Even if you've loved a start-up and lost, the only way you'll know the successes from the failures is to stay on board.
There are several types of recessions. In the mild case only real fools are killed off. In the moderate case fools and the overly optimistic go down. In the severe case it’s the last part of “Titanic,” and anyone without a lifeboat is fish food.
It seems the latest downturn is of the last variety because some good ideas are going down.

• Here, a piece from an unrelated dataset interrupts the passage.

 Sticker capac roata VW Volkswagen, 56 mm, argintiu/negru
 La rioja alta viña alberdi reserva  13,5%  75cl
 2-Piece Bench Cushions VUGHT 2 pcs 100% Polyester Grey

Even when marketing dollars are spent wisely, it seems, spending too many can be fatal.
That’s my epitaph for Send.com, which announced this week that it “‘retired to an exotic island never to return.'” While many dot-coms wasted their marketing budgets, Send.com was well branded through a character called the Giver, whose voice appeared on the company’s voice mail and in all its ads.

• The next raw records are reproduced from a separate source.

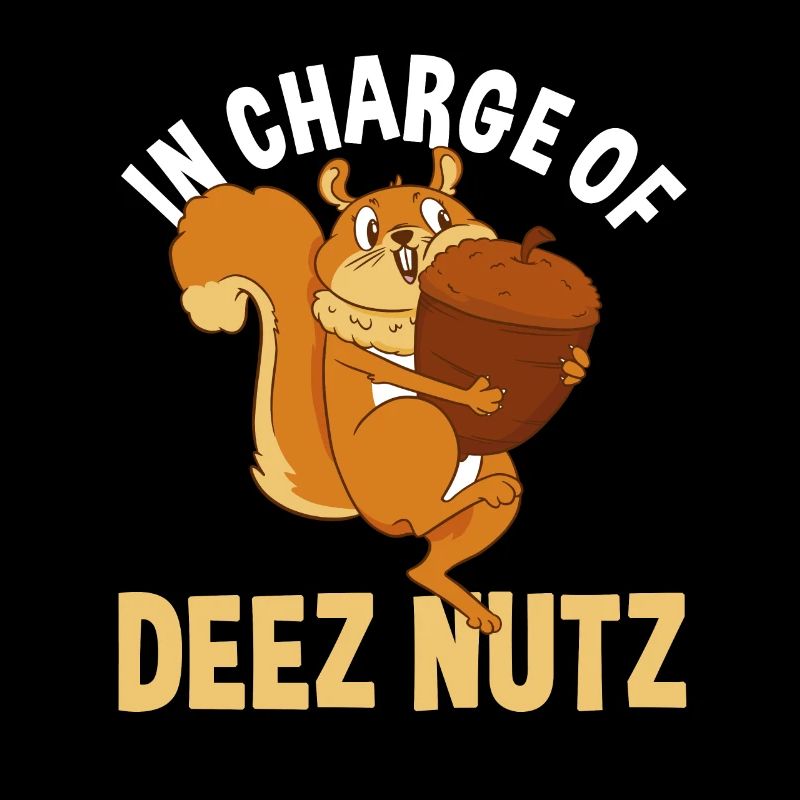 Lustige Eichhörnchen Geschenkidee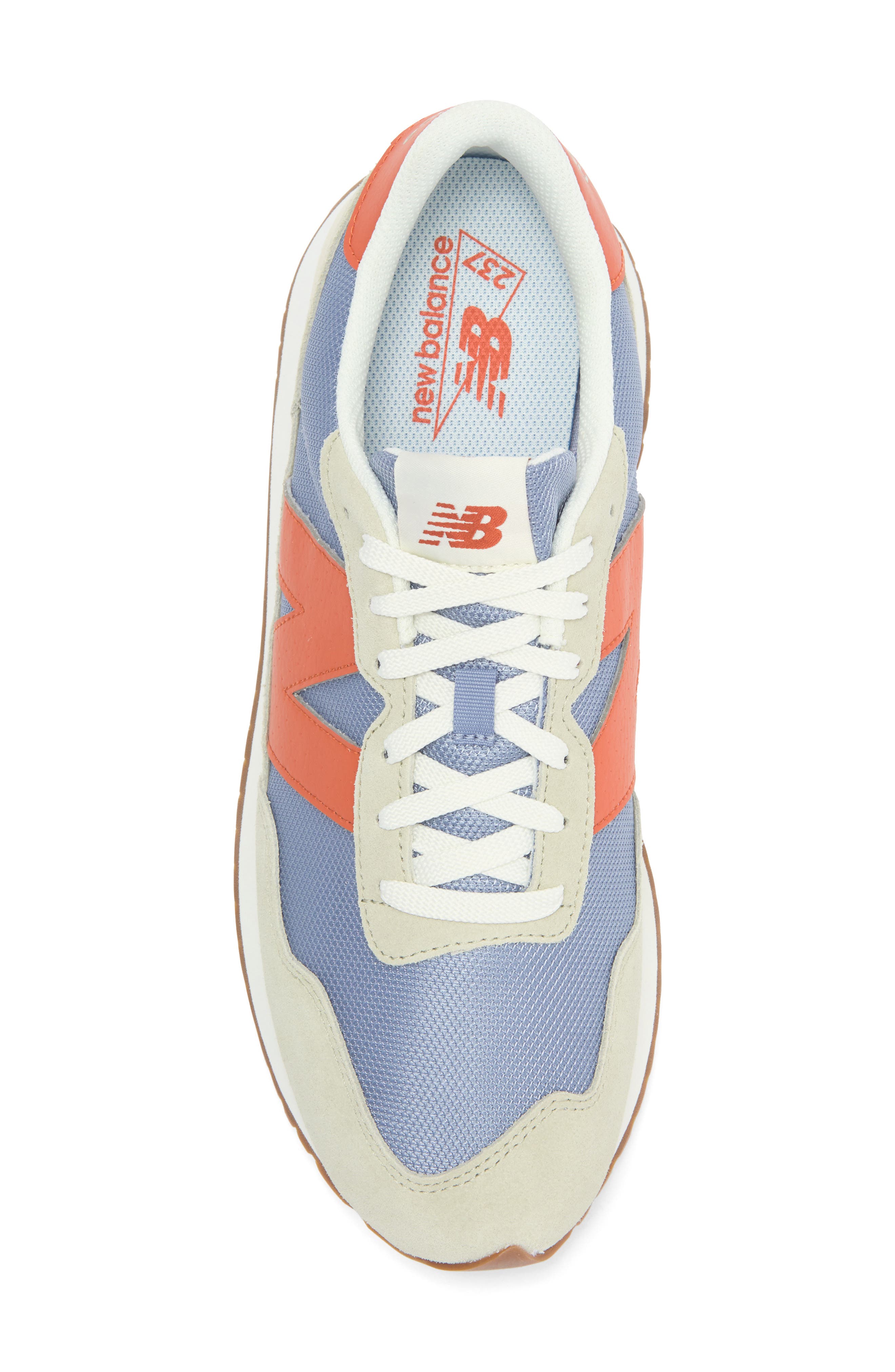 New Balance 237 Sneaker, Alternate, color, Dusk Shower/ Infield Clay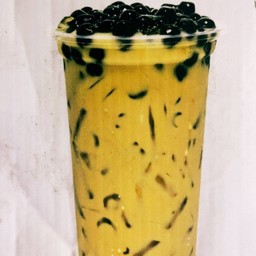 ชานมสตอเบอรี่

Unfortunately, launching the Giver and his back-office staff cost $45 million, which was easy to raise in 1998 and even in early 1999. But today, not one more dime is available, so bye-bye.
Lots of other start-ups I considered “clued in” a few years ago are either gone or going because their sales didn’t grow fast enough or they couldn’t turn losses into profits quickly enough to suit a fickle public market.

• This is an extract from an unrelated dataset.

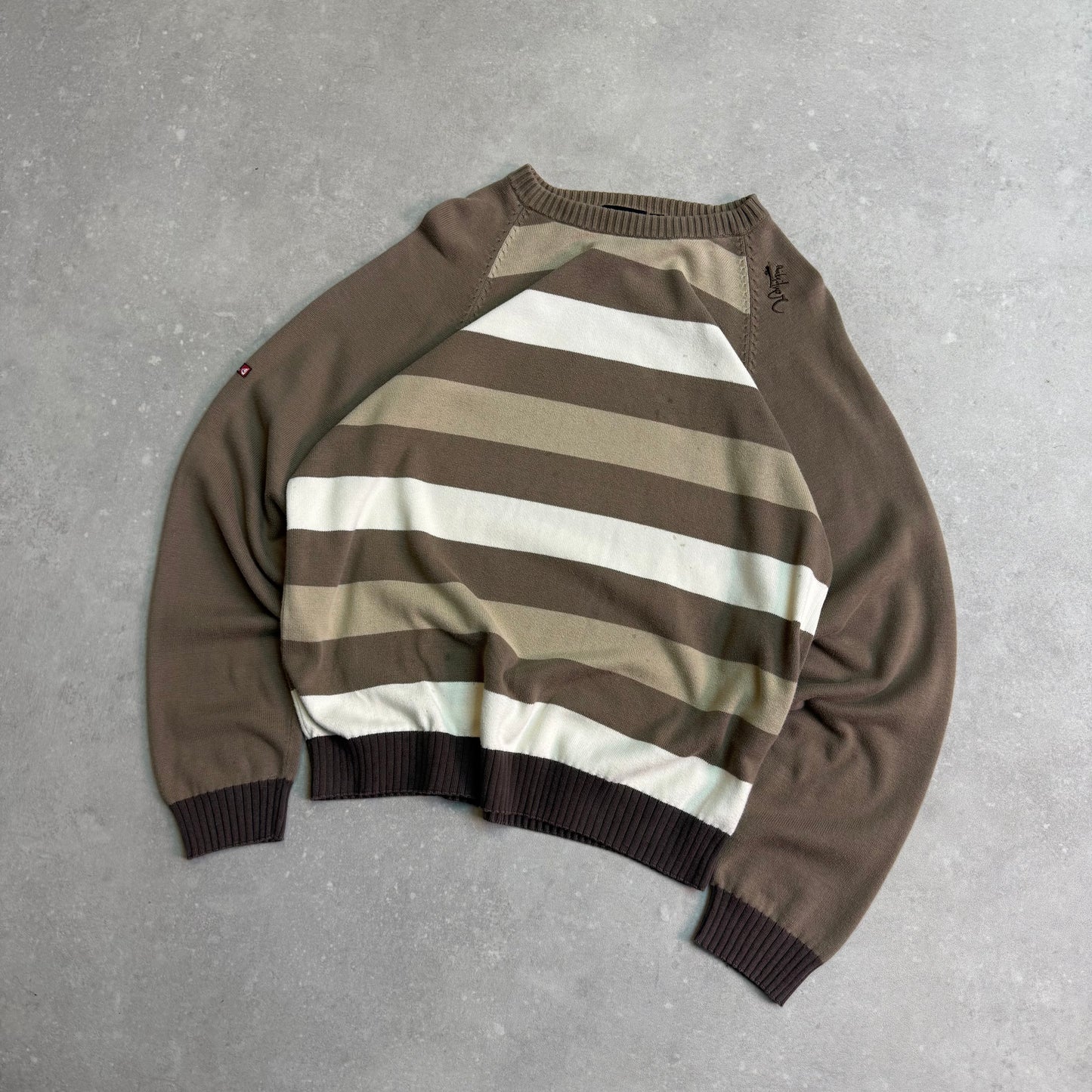 00's Quiksilver Knit Jumper (M)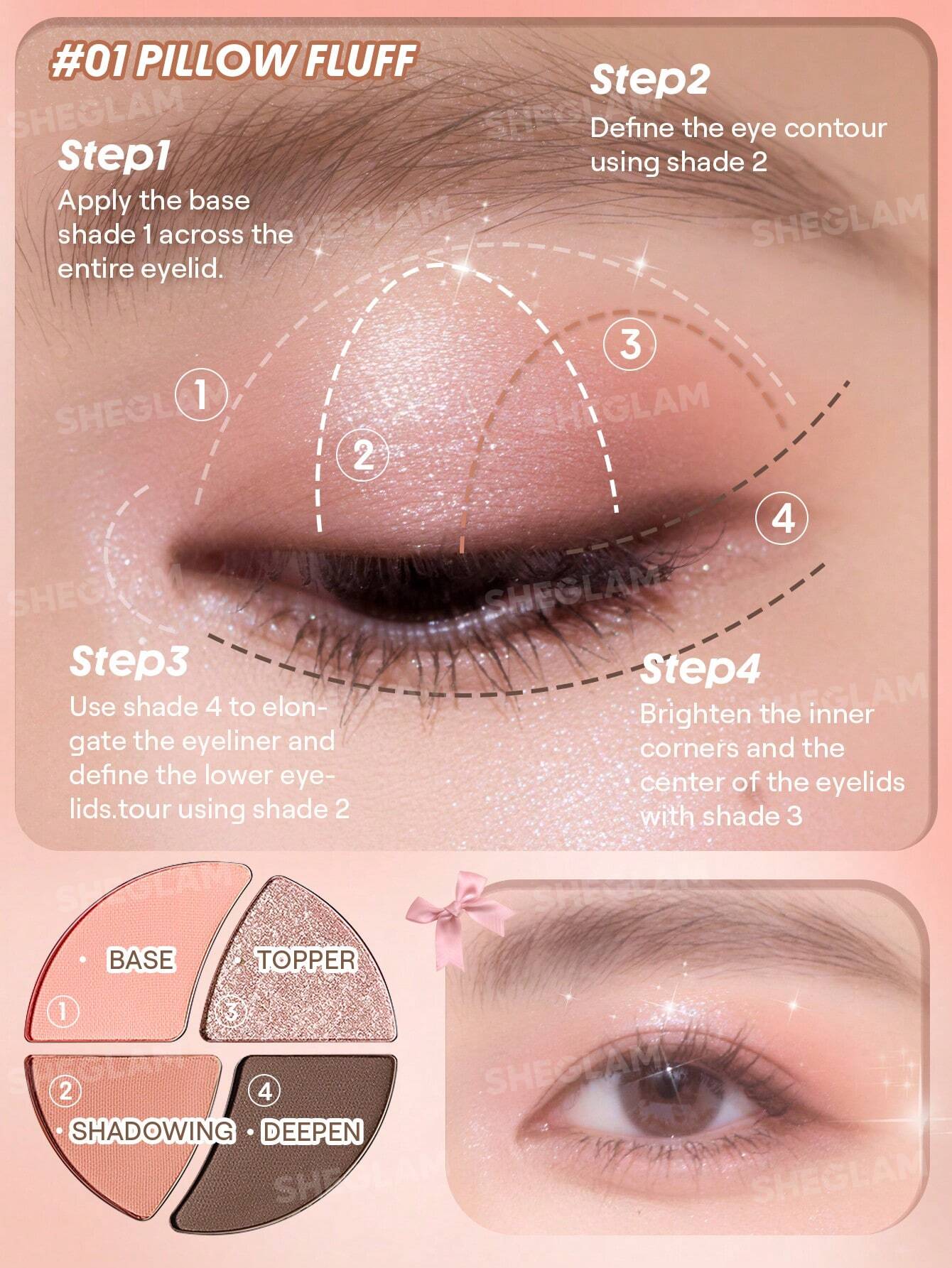 Sheglam Daydreamer Mini Palette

I still think highly of eToys, but seemingly it lacked the financial strength to last more than a few seasons. Its ads were marvelous, and its fulfillment was excellent. But its losses mounted, and it’s heading for delisting on the Nasdaq.
Another great potential failure is Webvan. I’ve used it several times, and its delivery system works really well. But the stock is practically worthless (another delisting), and it’s questionable whether the company can get more funding.
Some great content sites with interesting business plans have also failed, of course. I’ll always think fondly of Intellectual Capital.com and APBnews.com, while TheStreet.com may turn into a fine movie script about unbridled (and unfulfilled) euphoria.
I thought Streamline had some great ideas. It spent a long time working on a system that would let it deliver stuff while you were out, but the company could never make the numbers work. MotherNature.com had a good niche, but again, it seems to have spent too much on marketing, and the market didn’t scale fast enough to meet the company’s fulfillment.
To many reporters, especially those with friends who lost their careers reaching for dot-com riches, all this proves the lesson of Dorothy in “The Wizard of Oz.” You should stay home, you shouldn’t take risks, and there’s no place like home. But the real lesson of the film is different: Everyone grows up, and without adventure the world’s just gray.
Every start-up is an adventure, and most fail. The lesson in the failures described here is that, in addition to good marketing, decent fulfillment, and proper scale, you need the financial strength to stay the course. Money buys time, and even good business models take time to develop.
Even if you loved a start-up and lost, however, you’ve had an adventure and are ready for another one. Another ship will beckon and another and another. Some will founder, but some are bound for glory. The only way you’ll know which is which is to get on board.